Tighter immigration polices from the previous Conservative administration and the Labour government, which came into power in July 2024, have contributed to the declines seen over the past couple of years.

Home Secretary Shabana Mahmood welcomed the latest figures but said the government must go further “because the pace and scale of migration has placed immense pressure on local communities.”

Last week, she announced plans to tighten its asylum system in a series of sweeping changes that aim to reduce immigration and quell the political storm over migrants making the small boat crossings across the Channel without authorization.

In July, the government also introduced changes to migration rules including to end overseas recruitment for care workers and raise the annual salary threshold again for skilled worker visas to 41,700 pounds ($55,000) as part of a bid to curb net migration.

Marley Morris from the Institute for Public Policy Research’s Marley Morris said reforms are expected to lead to a further fall, but warned that the government will “need to be careful to balance the need to manage migration with its other priorities on boosting economic growth, supporting housebuilding, and protecting public services.”

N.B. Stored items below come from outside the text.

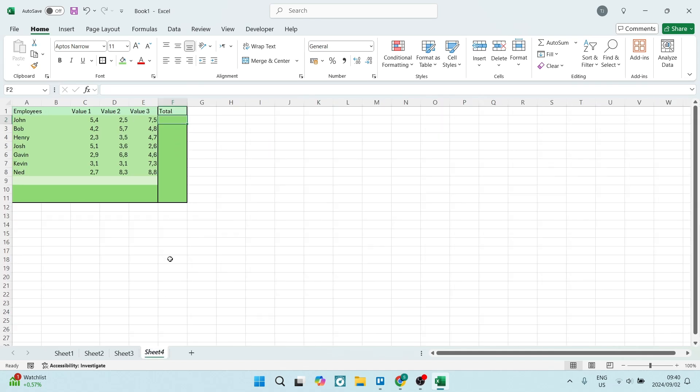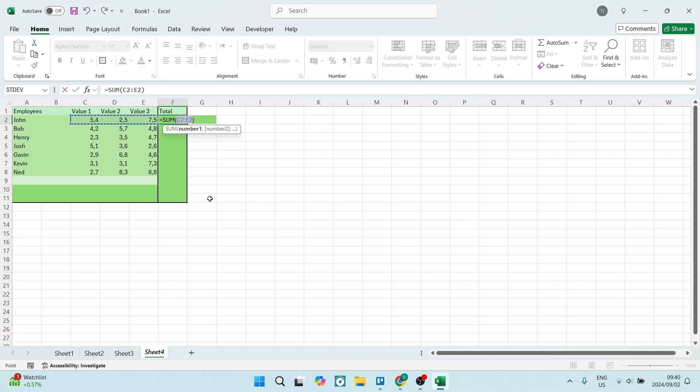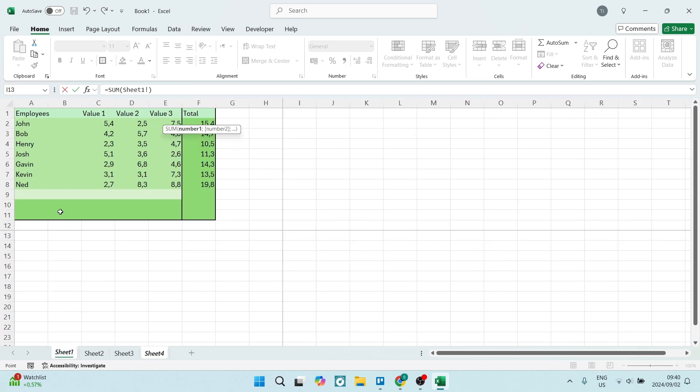So what I'm going to do is, this is where I would like my total. So I'm going to go ahead and use the AutoSum, and I'm just going to remove the data cells. Now let's go to sheet one.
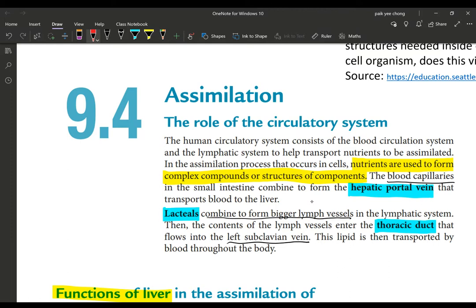The human circulatory system consists of the blood circulation system and the lymphatic system, which together help transport nutrients to be assimilated. In the assimilation process that occurs in cells, nutrients are used to form complex compounds, for example plasma protein and new cell components like organelles. There are two pathways: one is through the blood capillaries and the other is through the lacteals.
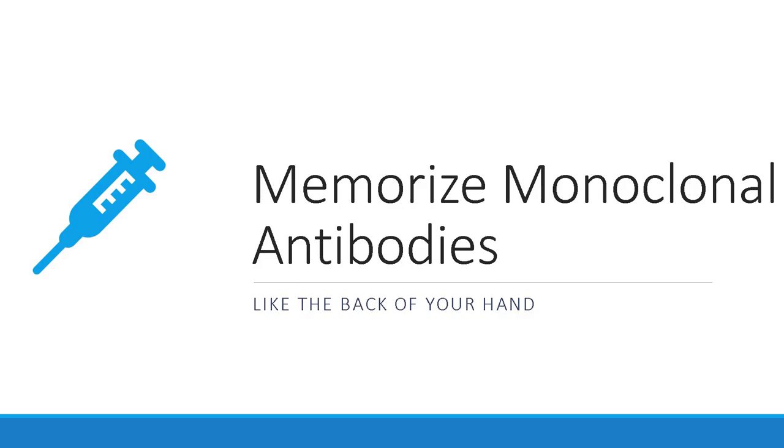Hey everyone, welcome back to my channel. In this video, I'm gonna show you a method, like it's a standard way to keep all the monoclonal antibodies burned in your memory, so that when you get stuck on a question, you really can make your way out of it.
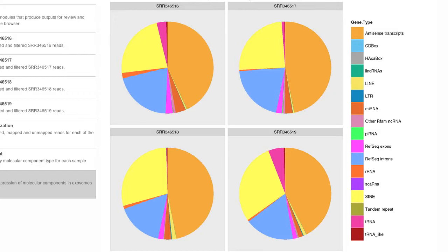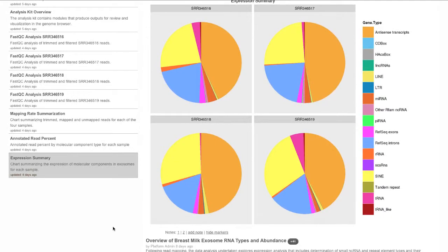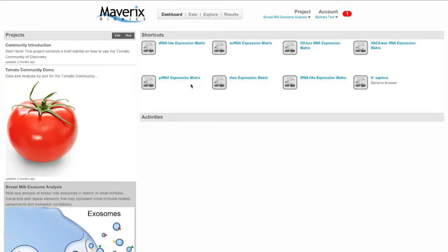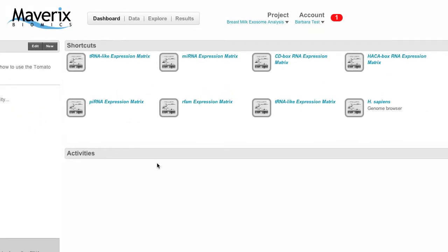If you plan to share results with your collaborators or just want to give yourself quick access, you can promote pertinent results from the analysis kits to shortcuts, which are bookmarked links accessible from the dashboard. These shortcuts from the exosome RNA-seq analysis represent an exciting way to visualize your data directly in the context of the UCSC genome browser. Here we find the differential expression results for the RNAs identified in our exosome samples. The RNAs are categorized by type — for example, tRNAs, microRNAs, and snoRNAs.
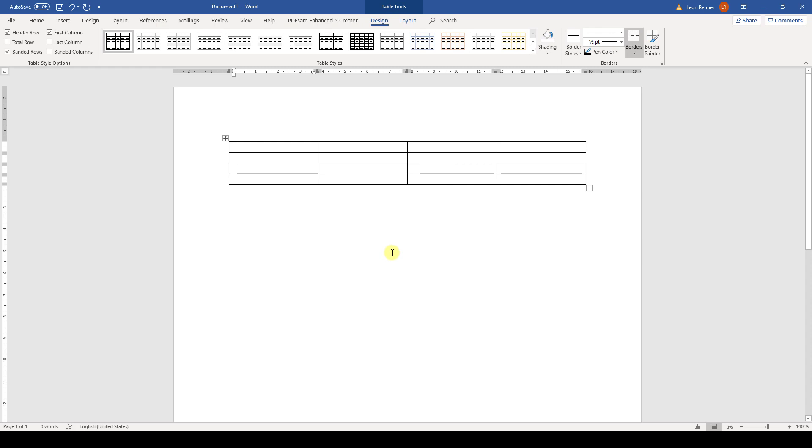When the table is created, we can start inserting values in the cells. Now it can always be the case that we realize that we need some more columns or rows.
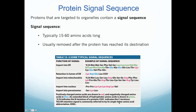All proteins destined for anywhere other than the cytoplasm contain what is called a signal sequence. This is a sequence of amino acids on the protein itself — on the polypeptide — that targets a protein to a certain part of the cell or a certain organelle. You can see examples here: an ER signal sequence, a mitochondria signal sequence, and a nucleus signal sequence. They're typically 15 to 60 amino acids long, so they're quite short. Once the signal sequence has targeted the protein to an organelle, it's typically removed and the protein can go on and do its function.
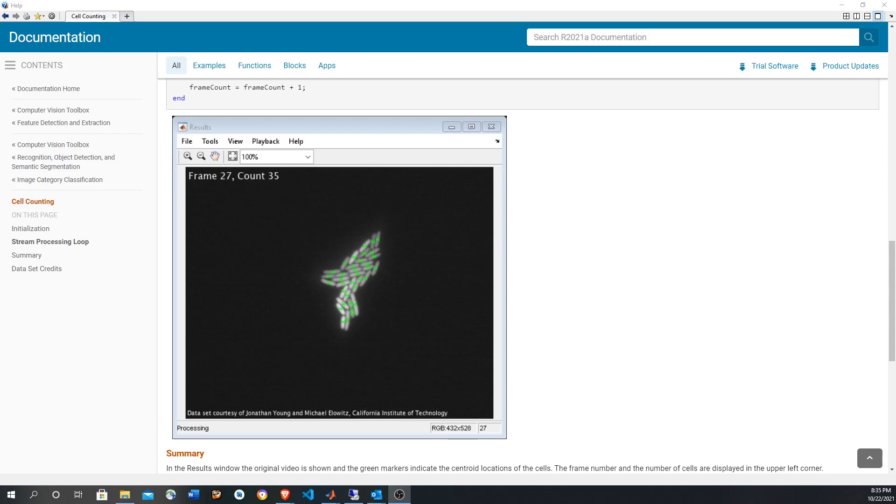Hi, in this video I'm going to do this MATLAB example in which cells are counted using classical image processing and computer vision techniques, in particular image dilation thresholding to binarize the image and blob analysis to compute the centroid of the cell.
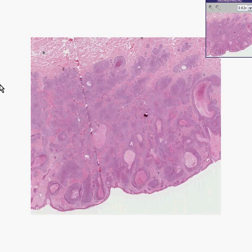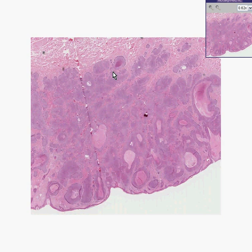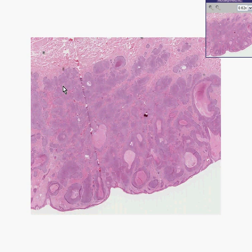Here is another skin tumor. You can see that all these little nests look like tumor nests, and they appear to invade into the deeper parts of the dermis.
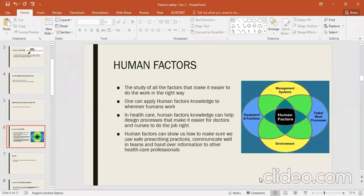Human factors show us how to make sure that we use safe prescribing practices, communicate well in teams, and hand over information to other healthcare professionals. Different teams and patients communicate with each other and information needs to be delivered in the right way.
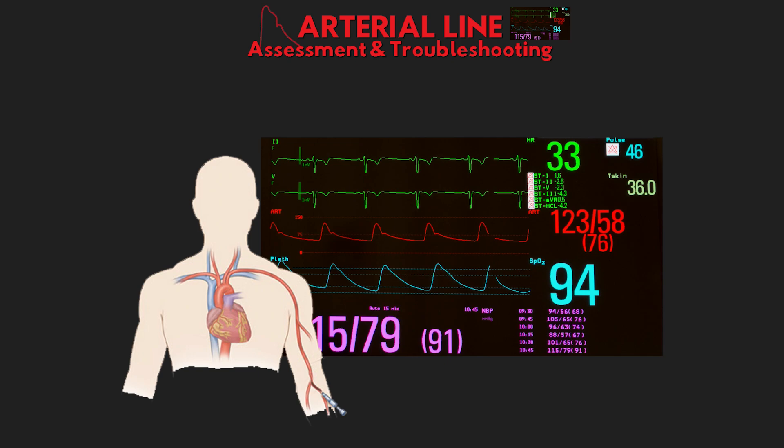The notes for this lesson, as well as all of the others, are available to YouTube and Patreon members along with some other great benefits — links to both are in the lesson description. With that out of the way, let's get in and start talking about our assessment for patients with arterial lines.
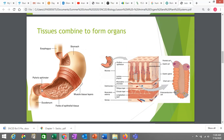Let's look at an organ we're hopefully all familiar with: the stomach. The stomach is made of several different types of tissue — in fact, you can see all four types of tissue here. On the inside of the stomach, you've got epithelial tissue that lines and protects it. Epithelial tissue is also capable of secreting or releasing chemicals. Some epithelial cells release the stomach acid that activates enzymes to digest food, while others release mucus that protects your stomach from burning itself with that acid.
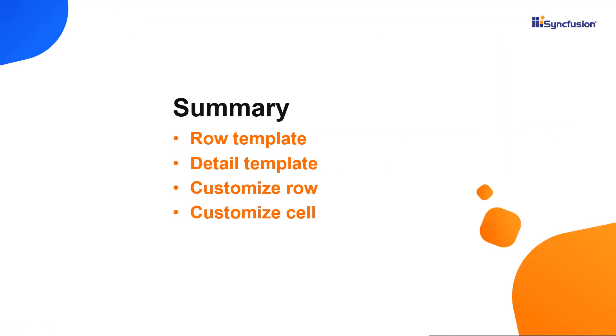Here is a quick recap of what we have seen so far. I showed you how to customize rows and cells in a react tree grid using templates. I also showed you how to customize a row using the row data bound event and a cell using the query cell info event.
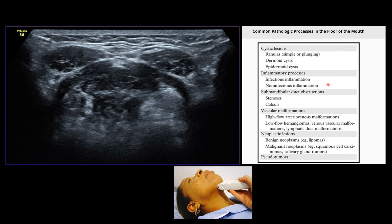Neoplastic lesions can also be encountered: benign ones such as lipomas, and malignant ones such as squamous cell carcinomas or other oral malignancies. Pseudotumors can also be seen in this floor of the mouth or submental space view.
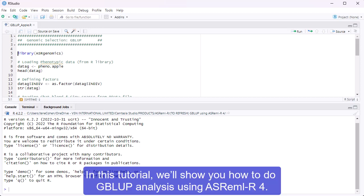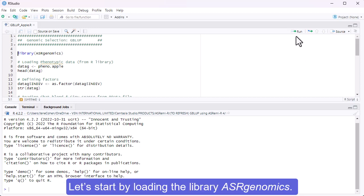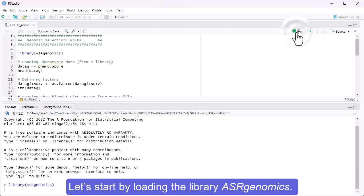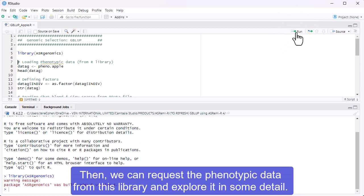In this tutorial, we'll show you how to do GBLUP analysis using ASREML-R4. Let's start by loading the library ASR Genomics. Then we can request the finitivic data from this library and explore it in some detail.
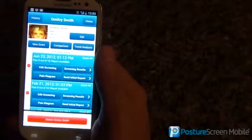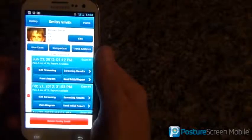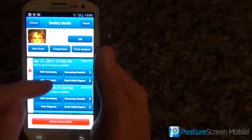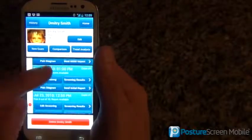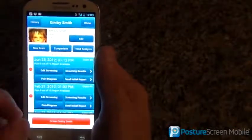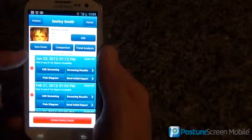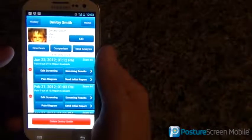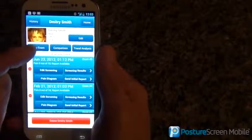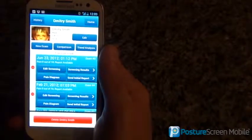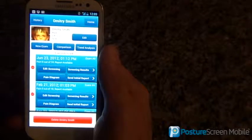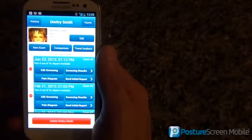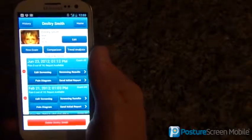When you have existing patients in there, you can see we have different exams. When you have existing patients, all we have to do — if I wanted to do another one on Dimitri — is just hit New Exam. You wouldn't create a new account for Dimitri because they're already in our account.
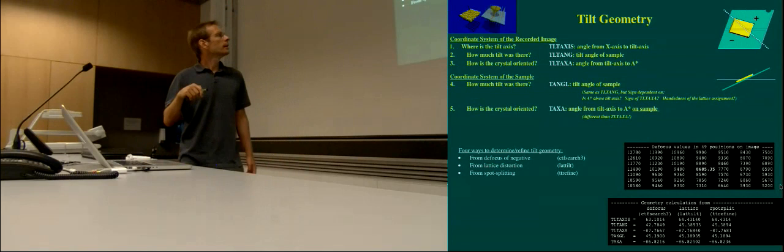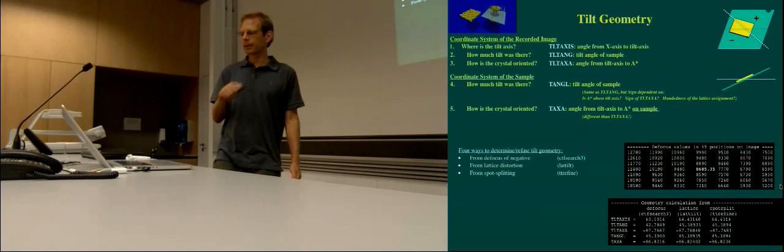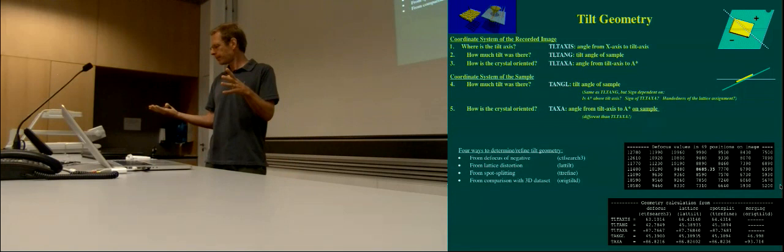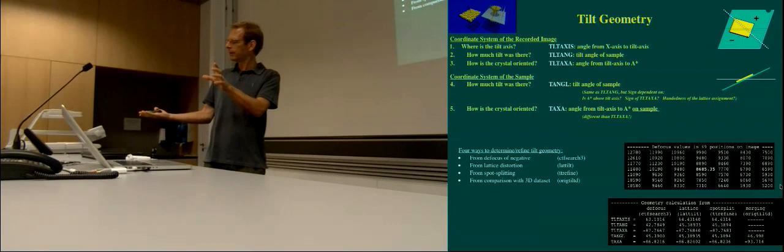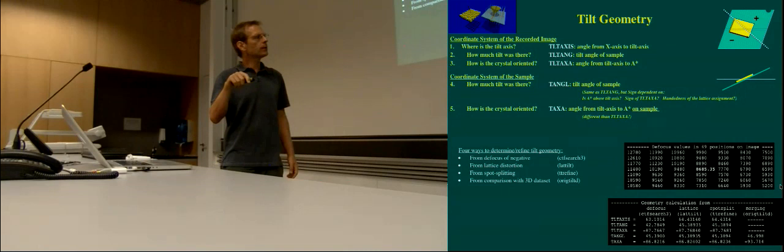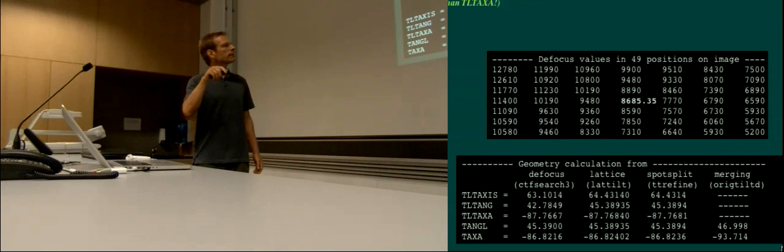The third way is by fitting spot splitting in your Fourier transformation of highly tilted images. MRC programs TT Refine, for example, do that. The last way to refine the tilt geometry is during merging. If you have a 3D reconstruction of your protein and you have a map, you can compare the map with your 3D reconstruction and say: this map looks like top left. The program Auric Tilt can do that — it can refine the tilt geometry by comparing your picture with your 3D reconstruction.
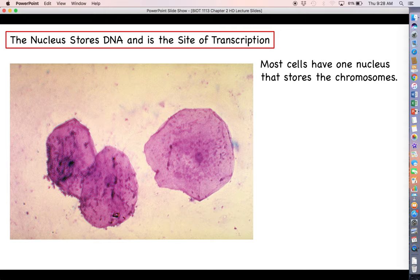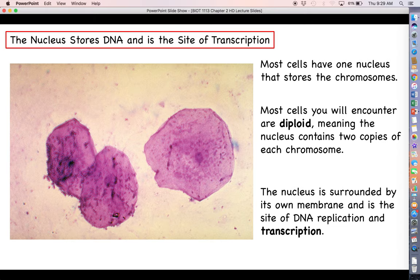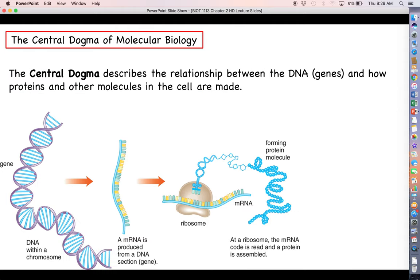Most cells have exactly one nucleus, and this is where we store our chromosomes. Most eukaryotic cells are diploid, meaning the nucleus contains two copies of each chromosome. For humans, we have 23 different chromosomes, so diploid cells contain 46 total — one copy from dad and one from mom. The nucleus is surrounded by its own membrane called the nuclear envelope, and inside the nucleus is the site of DNA replication and gene transcription, which is the first step in turning DNA instructions into a protein.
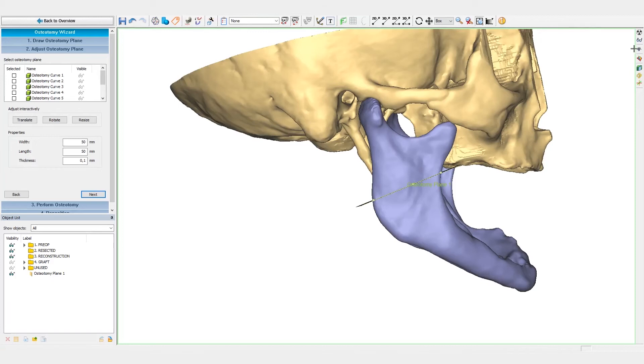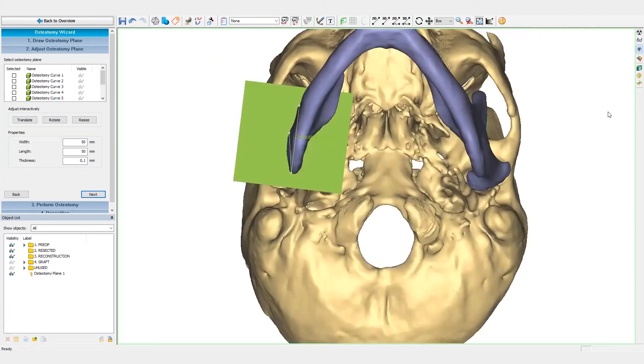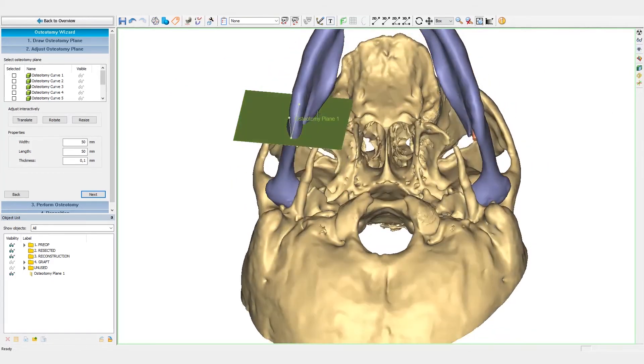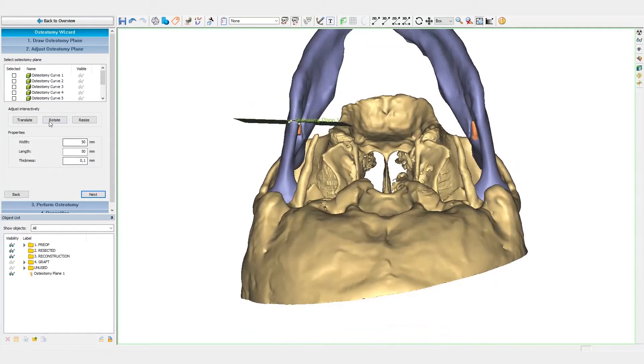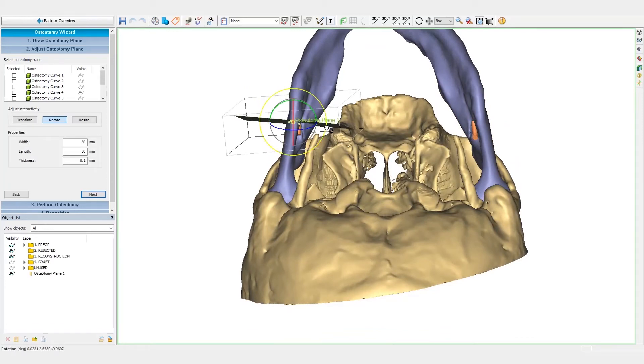The osteotomies can be adjusted if needed. We can double-check the tumor margins on the CT images.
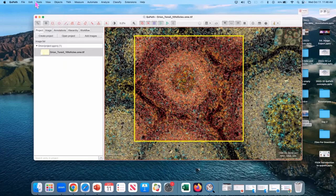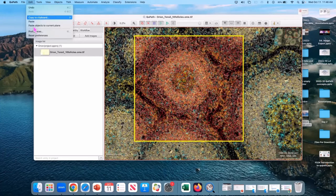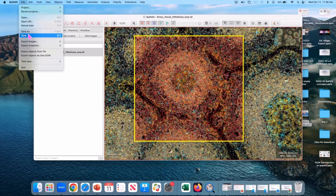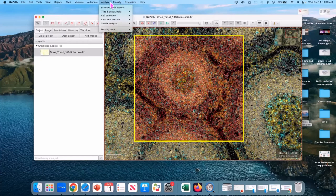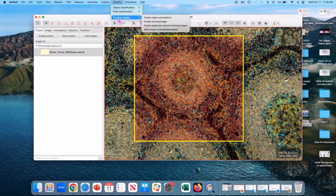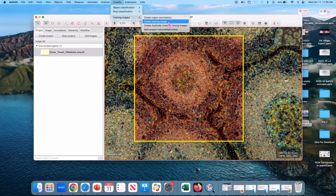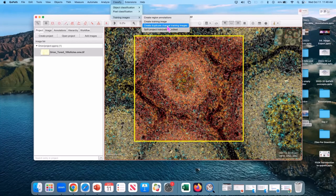So if you've recently remade your cells, make a point of saving your data. You have to save it now. And then we're going to go to classify, training images, create duplicate channel training images.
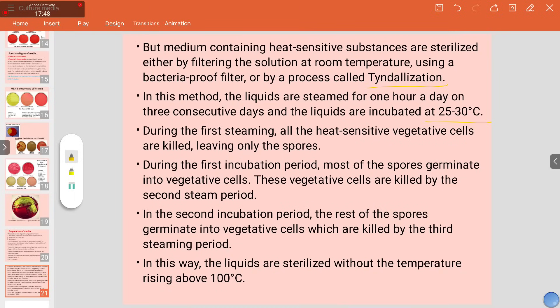This process is applied for antibiotics, vaccines, and enzymes. That covers the different types of culture media. Thank you.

Separate figures Thursday from the Home Office showed a 13% rise in the number of asylum seekers being housed in hotels to 36,273 in September from June.

The government is legally obligated to house asylum-seekers. Using hotels to do so had been a marginal issue but protests during the summer against their use this year has helped fuel the rise of the hard-right Reform UK Party. Prime Minister Keir Starmer has pledged to stop using hotels to accommodate asylum-seekers by 2029.